I have hopes for this driver (and radeonhd since as bridgman mentioned it also got R500 support). Even though the support is labeled "experimental", it's more stable for me than fglrx (which is labeled "mature"). Setting it up will require you to use bleeding edge versions of various components though. Kernel 2.6.26 (no way around it), X.Org 1.4.99.06, Mesa 7.1_rc3 and also latest versions of things like libdri and other stuff pulled in by an X.Org update.
Hmm.. Sounds good, I'm OK with 60-70% performance right now, hopefully it will improve.
If anybody can confirm it working with Wine, I will have a go at installing it ;)
RealNC
07-28-2008, 05:40 PM
Hmm.. Sounds good, I'm OK with 60-70% performance right now, hopefully it will improve.
If anybody can confirm it working with Wine, I will have a go at installing it ;)
OK, I've just installed Wine (1.1.0) and tried to run "Soft Shadows Benchmark 1.5.4". It won't run. Error: "Your hardware does not support OpenGL 2.0".
Notepad.exe runs fine :D
legume
07-28-2008, 08:44 PM
and it doesn't seem possible to enable either vsync nor anisotropic filtering or anti-aliasing.
Kernel 2.6.26 (no way around it)
I didn't try when I had my rv530 in, but vsync and aniso may be possible with driconf.
You don't need kernel 2.6.26, you just need to build the drm modules from git against your configured kernel tree and copy them (drm.ko,radeon.ko) over to /lib/modules/2.6.X/kernel/drivers/char/drm/
I don't know exactly what you have to install/do to get enough of a kernel tree in place for a distro as I had a full kernel tree already - LFS.
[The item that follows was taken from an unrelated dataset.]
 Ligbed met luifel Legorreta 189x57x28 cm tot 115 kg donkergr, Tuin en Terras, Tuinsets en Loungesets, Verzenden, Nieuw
Didn't try wine, etqw didn't work as it needs a higher OpenGL version.
Other games were OK for me, plenty of fps on an X1600pro - tested nexuiz,et and several other ioquake3 based games.
RealNC
07-28-2008, 10:19 PM
I didn't try when I had my rv530 in, but vsync and aniso may be possible with driconf.
You don't need kernel 2.6.26, you just need to build the drm modules from git against your configured kernel tree and copy them (drm.ko,radeon.ko) over to /lib/modules/2.6.X/kernel/drivers/char/drm/
I don't know exactly what you have to install/do to get enough of a kernel tree in place for a distro as I had a full kernel tree already - LFS.
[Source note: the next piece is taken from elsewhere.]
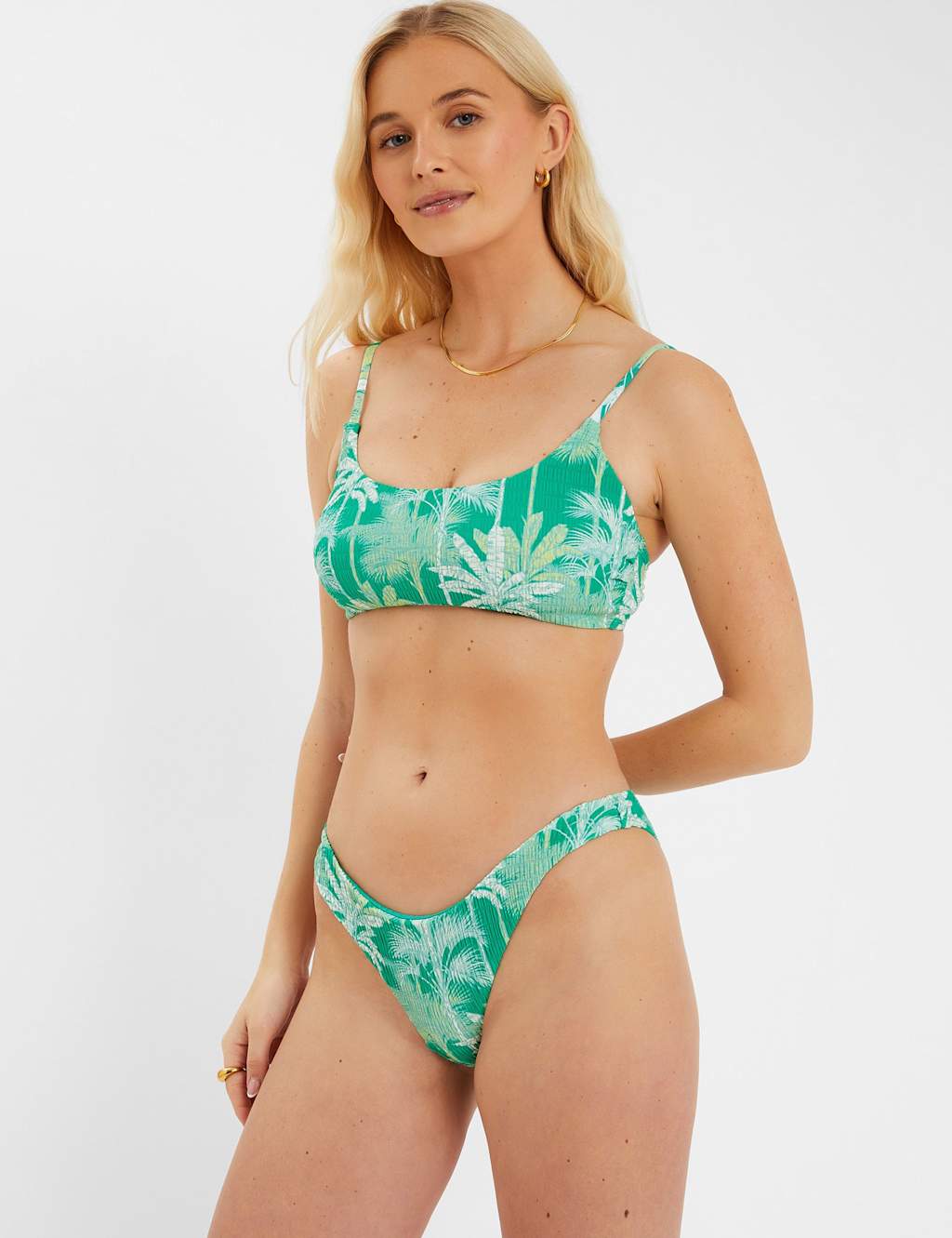 ACCESSORIZE Palm Print Shirred High Leg Bikini Bottoms Green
Thanks for the tip. I went back to 2.6.25 and installed the x11-drm package from Git. Everything went automatic (Gentoo rox :D)
vsync works now with OpenGL applications. But not with Compiz. I guess that's another issue entirely (AIGLX). Why on earth didn't the world go towards XGL, everything was working perfectly there :P I hope Linux folks will one day have a system where everything actually works. Before I die, that is.